Stock markets are broadly lower today as dealers are a little nervous ahead of the G20 summit.
Trade talks between the US and China will be the main event of the gathering, and investors are likely to remain a little cautious until some clarity is provided.
Overnight, China released the manufacturing PMI report for November, and the reading was 50.0, while economists were expecting 50.2, and the reading in October was 50.2. The update was the lowest reading in over two years, and it represents zero growth on the month. The second-largest economy in the world is a major importer of minerals, and that is why we have seen a large drop in mining stocks today. BHP Billiton, Rio Tinto and Glencore are all in the red.
Continued weakness in the underlying oil market has weighed on the price of BP, Royal Dutch Shell and Tullow Oil.
Sage shares are in the red after the company was downgraded to ‘neutral’ from ‘buy’.
Intu properties shares are lower again today after the group announced disposals of £25.3 million. Yesterday, the company confirmed that a consortium who were interested in acquiring the company, pulled their bid, and that triggered a severe sell-off in the stock.
Deutsche Bank shares hit another record-low as police raided offices at the bank for a second day in a row. The police search is in relation to the ‘Panama Papers’ and the German bank are under suspicion of assisting clients transfer money to the tax haven.
The G20 summit is in focus and some dealers are sitting on their hands until they hear about US-China trade relations. The talks between the two countries will be the highlight to the event. Donald Trump is being accompanied by Peter Navarro, who is very critical of China, so expectations have been tempered going into this meeting. The likelihood of a deal being reached this weekend is low, but if things go well we might see the US holding off from implementing new tariffs. The major indices are mixed and experiencing low volatility.
President Trump, along with Canada’s Justin Trudeau and Mexico’s Enrique Pena Nieto, signed the United States, Mexico Canada (USMCA) deal – which replaced NAFTA. The respective parliaments must back the agreement, but it appears the trade issue in North America is going to be settled.
The Chicago PMI reading jumped to 66.4 – its highest reading in nearly one year.
The US dollar index has crept up today as the Fed minutes last night gave a strong indication there will be an interest rate hike in December.

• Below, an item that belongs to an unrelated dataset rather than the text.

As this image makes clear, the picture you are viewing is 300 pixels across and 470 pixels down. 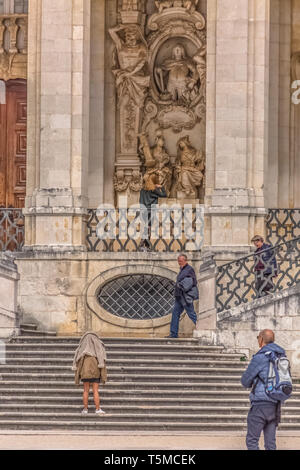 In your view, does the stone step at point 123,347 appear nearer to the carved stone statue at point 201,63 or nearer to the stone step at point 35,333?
the stone step at point 35,333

The language from the US central bank is less hawkish than what it was in nearly October, but we are still likely to see rate hikes in 2019, but it might be done at a slower pace.
GBP/USD is lower on account of the firmer US and uncertainty surround Brexit. There is little support for Theresa May’s deal, some MP’s are fearful of a ‘no-deal’ Brexit and now, Donald Tusk, the President of the European Council said its ‘no deal or no Brexit’. The pressure is mounting on Mrs May, and the pound.
EUR/USD has fallen due to disappointing data from the eurozone. Italian unemployment jumped to 10.6% in October, up from 10.3% in September. Third-quarter Italian GDP contracted by 0.1%. Italy is in the middle of a political battle with the EU over their budget, and a deteriorating economy might embolden the anti-establishment coalition in Rome. Eurozone CPI cooled from 2.2% to 2% - meeting forecasts, and this shows that demand is clearly cooling in the currency bloc.
The strong US dollar has hit the gold market. Throughout this year there has been a strong inverse relationship between the metal and the US dollar, and that is playing out again today. Gold has been trading sideways for the last few weeks, but if it holds above the $1,200 mark, its outlook should remain positive.
Oil is in the red again as fear of oversupply persist. During yesterday’s session the energy received a boost from Russia, who indicated they are considering a production cut. Since the upward move didn’t last long, it highlights the weak sentiment.